Если бы я могла дать это и себе тоже!
Просто так взять и выплеснуть…
Утром на остановке автобуса у выезда из посёлка ко мне подошла обрюзгшая пожилая женщина. Оказалось, что она работает здесь домработницей в одной семье. Она сказала, что уже некоторое время наблюдает за мной, и моё лицо ей понравилось. Она хочет что-то мне рассказать и узнать моё мнение.
Тем временем подошёл автобус, мы вошли и сели рядом. Она начала рассказывать о себе, о своей жизни и своих болезнях, о детях, которых разбросало по свету, и всё время просила прощения за то, что обременяет меня.
Рассказала, что она из религиозной семьи, но происходящие вокруг события уже долгое время вызывают в ней ужасное предположение, что Бога нет. И это очень её пугает, портит ей жизнь и здоровье. Несколько недель назад она смотрела по телевизору передачу об Индии, и с тех пор её не покидает новая мысль: как ей, Ривке, собственными силами заставить Бога проявить себя.
Она возьмёт все свои сбережения и поедет в Индию (ей не страшно, поскольку у неё есть святая цель — она выполняет заповедь).
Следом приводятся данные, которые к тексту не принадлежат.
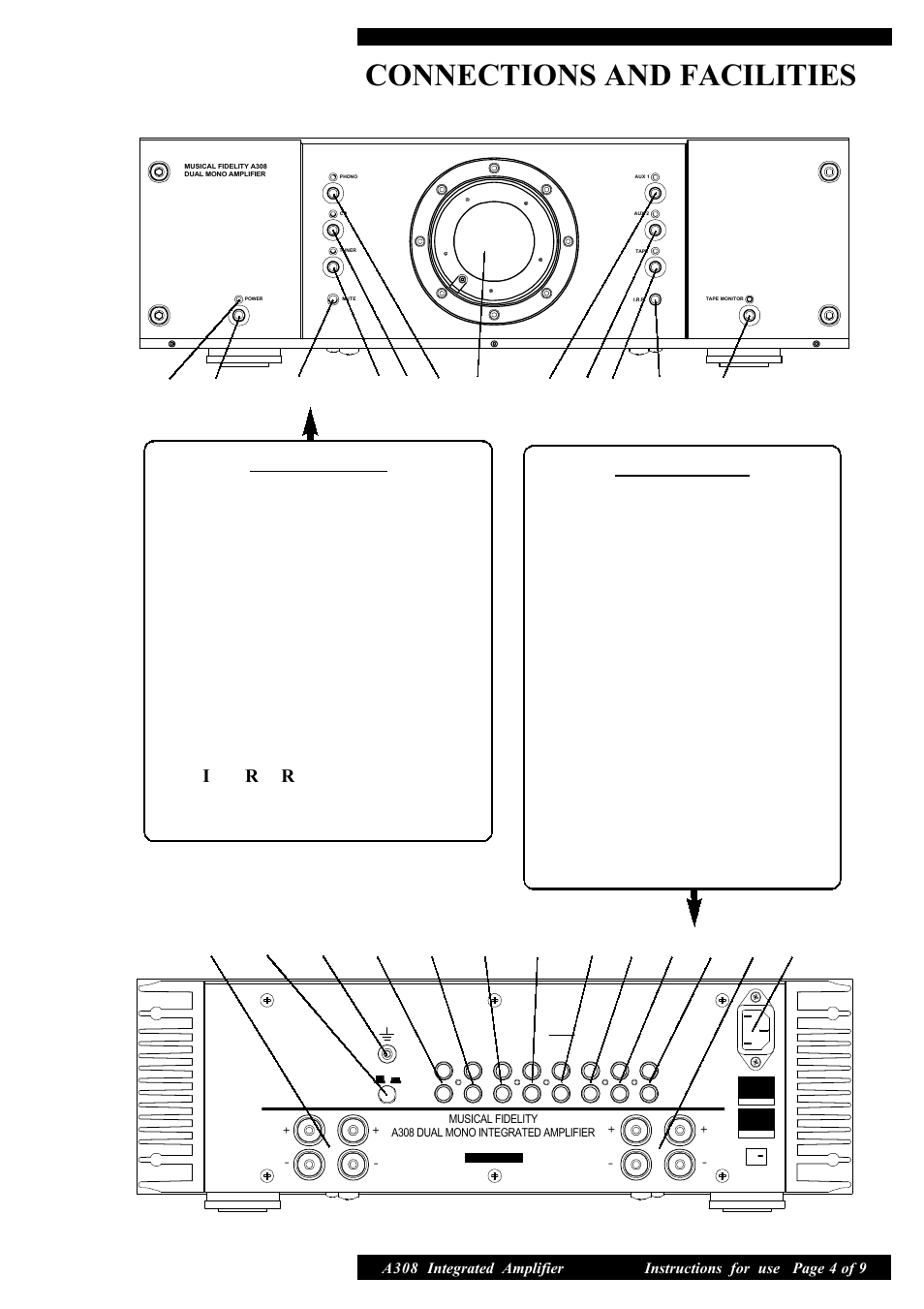 Connections and facilities | Musical Fidelity A308 User Manual | Page 4 / 9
Пойдёт в храм, который показывали по телевизору — там много идолов, тысячи! Она будет ходить между ними, притворяясь будто колеблется, какого из них выбрать. Этого? Или, может, этого? И тогда наш Бог, Всевышний, не сможет стерпеть того, что даже она, которая шестьдесят пять лет была ему верна, усомнилась в нём, и, возмущённый её изменой, Он возникнет перед ней и закричит: «Ривка, хватит, довольно! Я здесь!»
Мне это так понравилось! Даже не сам рассказ, а то, что она выбрала меня.
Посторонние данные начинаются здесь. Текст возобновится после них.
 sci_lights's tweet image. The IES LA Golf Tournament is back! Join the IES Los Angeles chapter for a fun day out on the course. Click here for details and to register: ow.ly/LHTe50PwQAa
А ещё больше меня радует, что мир продолжает жить! И в мире есть не только я-и-он!
На площадке перед учительской — выставка работ старшеклассников. Я хожу вместе с другими учителями и рассматриваю. Меня переполняет гордость за своих учеников, они так продвинулись за прошедший год! Но, наученная опытом, я чувствую приближение опасности и вся сжимаюсь в ожидании.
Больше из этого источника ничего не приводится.